Given the uniformity of zero debt ratios, the observed fluctuations in the financial leverage ratio may result from other factors such as variations in total assets or equity attributable to retained earnings, valuation adjustments, or possibly the use of off-balance-sheet instruments not reflected directly in debt figures. Overall, the company's solvency ratios portray a predominantly unleveraged capital structure, emphasizing reliance on equity financing and minimal or no leverage, which can be associated with a low financial risk profile. The period also demonstrates stability in the company's approach to debt management, with no indication of increasing leverage or deteriorating debt-related solvency measures.


Coverage ratios

Jun 30, 2025 Mar 31, 2025 Dec 31, 2024 Sep 30, 2024 Jun 30, 2024 Mar 31, 2024 Dec 31, 2023 Sep 30, 2023 Jun 30, 2023 Mar 31, 2023 Dec 31, 2022 Sep 30, 2022 Jun 30, 2022 Mar 31, 2022 Dec 31, 2021 Sep 30, 2021 Jun 30, 2021 Mar 31, 2021 Dec 31, 2020 Sep 30, 2020
Interest coverage -0.98 -1.65 5.92 9.00 7.97 7.25 6.03 6.08 6.38 7.75 10.98 13.59 15.97 17.72 18.55 18.71 15.84 13.79 11.47 10.73

The interest coverage ratio for JBTMarel Corp demonstrates significant fluctuations over the analyzed period. From September 30, 2020, through December 31, 2021, the ratio exhibits a consistent upward trend, peaking at 18.71 in September 2021, indicative of strong earnings relative to interest expenses during this interval. This suggests that the company maintained a healthy capacity to meet its interest obligations, with earnings comfortably exceeding interest costs.

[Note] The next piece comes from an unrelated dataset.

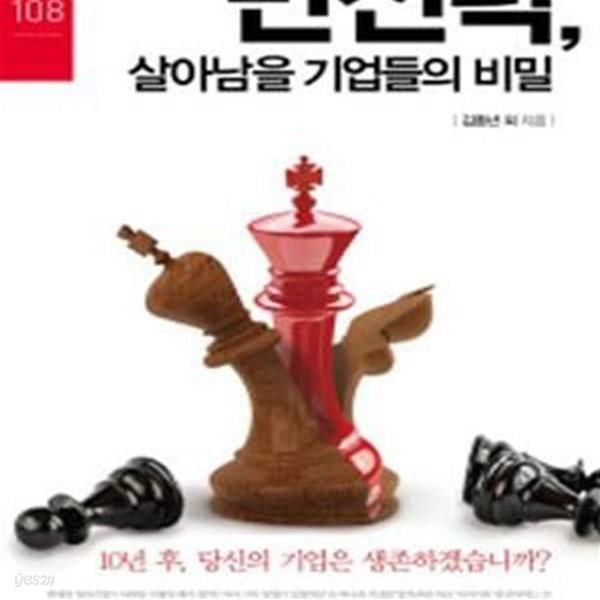 변신력, 살아남을 기업들의 비밀 (10년 후, 당신의 기업은 생존하겠습니까?)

However, starting in early 2022, a decline in the interest coverage ratio is observed, with the figure decreasing to 13.59 by September 30, 2022, and further down to 10.98 by December 31, 2022. This downward trajectory continues into 2023, with ratios falling to 7.75 on March 31, 2023 and further to 6.38 on June 30, 2023. The declining trend indicates a reduction in earnings relative to interest expenses, which may raise concerns about the company's ability to cover interest obligations comfortably.

The ratio remains relatively low into late 2023, registering at 6.08 on September 30, 2023. Subsequent data shows a modest recovery early in 2024, with the ratio increasing to 7.25 on March 31, 2024 and slightly improving to 7.97 by June 30, 2024.

However, by September 30, 2024, the ratio declines again to 9.00, before dropping sharply to 5.92 at year-end 2024. Notably, in the first quarter of 2025, the ratio turns negative at -1.65, indicating that earnings before interest and taxes (EBIT) are insufficient to cover interest expenses, suggesting a potential liquidity or profitability concern. This negative trend continues into June 2025, with the ratio at -0.98, further highlighting challenges in servicing interest.

Overall, the company's interest coverage ratio displays an initial period of strength and stability, followed by a pronounced decline that culminates in negative ratios, reflecting escalating difficulties in generating earnings adequate to cover interest costs. This pattern warrants close monitoring of the company's profitability and debt management strategies moving forward.